Von einer "Lockerung" oder gar "Aufweichung" des Stabilitätspakts will Joaquín Almunia nicht reden. Im Gegenteil: Der EU-Währungskommissar nennt seine Vorschläge zur Reform des Stabilitätspakts einen Versuch, durch "wirtschaftlich sinnvolle Maßnahmen" den umstrittenen Pakt zu retten. Habe sich doch die bisherige Auslegung des Pakts als wenig sinnvoll erwiesen: "Die Erfahrungen der letzten fünf Jahre haben gezeigt, dass die Regeln zu streng sind und den Spielraum reduzieren" – unter dieses Motto hat der Spanier die Reform gestellt.

Eckpfeiler bleiben

Getreu diesem Motto sollen die Eckpfeiler des Pakts bestehen bleiben: Die Defizitgrenze bei der Neuverschuldung von drei Prozent des Bruttonationaleinkommens (BNE) und eine höchst zulässige Gesamtverschuldung von 60 Prozent des BNE. Zwischen diesen Eckpfeilern wollen die Brüsseler Defizitwächter aber künftig mehr Flexibilität zulassen. Diese betrifft einerseits die Strafverfahren: Konkret soll die Überschreitung der Defizitgrenze geduldet werden, wenn sich ein Staat in einer lang andauernden Phase der wirtschaftlichen Stagnation befindet. Davon würde etwa der bisherige chronische Defizitsünder Deutschland profitieren. Bisher war ein Überschreiten der Grenze nur in einer Rezession zulässig, welche die EU mit einem Rückgang der Wirtschaftsleistung um 0,75 Prozent definiert.

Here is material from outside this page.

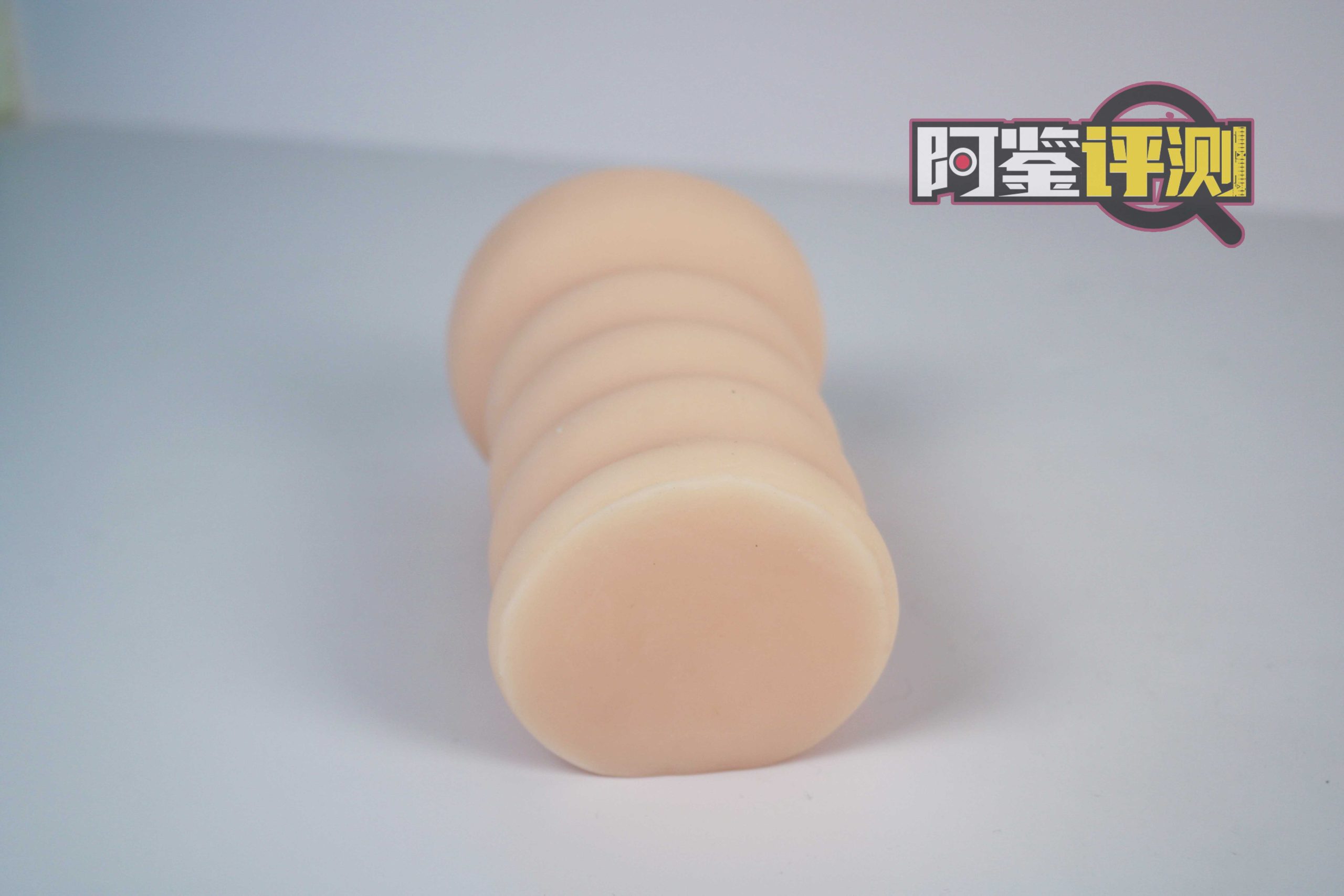 汤玛托易士“AI女友爱酱”评测(中刺激)!全球首个由AI设计通道的飞机杯?!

Die Flexibilität betrifft aber auch eine stärkere Berücksichtigung von nationalen Besonderheiten: So soll die Gesamtverschuldung und die nachhaltige Sicherung des Budgets miteinberechnet werden. Das bedeutet zum Beispiel, dass Brüssel neben der Defizitgrenze auch das Gesundheits- und das Pensionssystem eines Staates begutachtet. Das soll zu einer individuellen Beurteilung führen, nach der sich Mitgliedstaaten mit gesunder Finanzlage ein vorübergehendes Überschreiten des Defizits erlauben können – andere hingegen nicht.

Anreizsystem

Prinzipiell wird die Haushaltskontrolle erweitert: um "Verstöße gegen Grundzüge der Wirtschaftspolitik". Wer sich bei Pensions- oder Arbeitsmarktreformen zu viel Zeit lässt, soll gerügt werden. Auf der anderen Seite will Almunia ein Anreizsystem schaffen, um Staaten in guten Konjunkturzeiten zu Budgetüberschüssen zu animieren. Die Reformideen werden am Freitag dieser Woche in der EU-Kommission diskutiert, kommende Woche von den EU-Finanzministern. (Eva Linsinger aus Brüssel, DER STANDARD, Print-Ausgabe, 1.9.2004)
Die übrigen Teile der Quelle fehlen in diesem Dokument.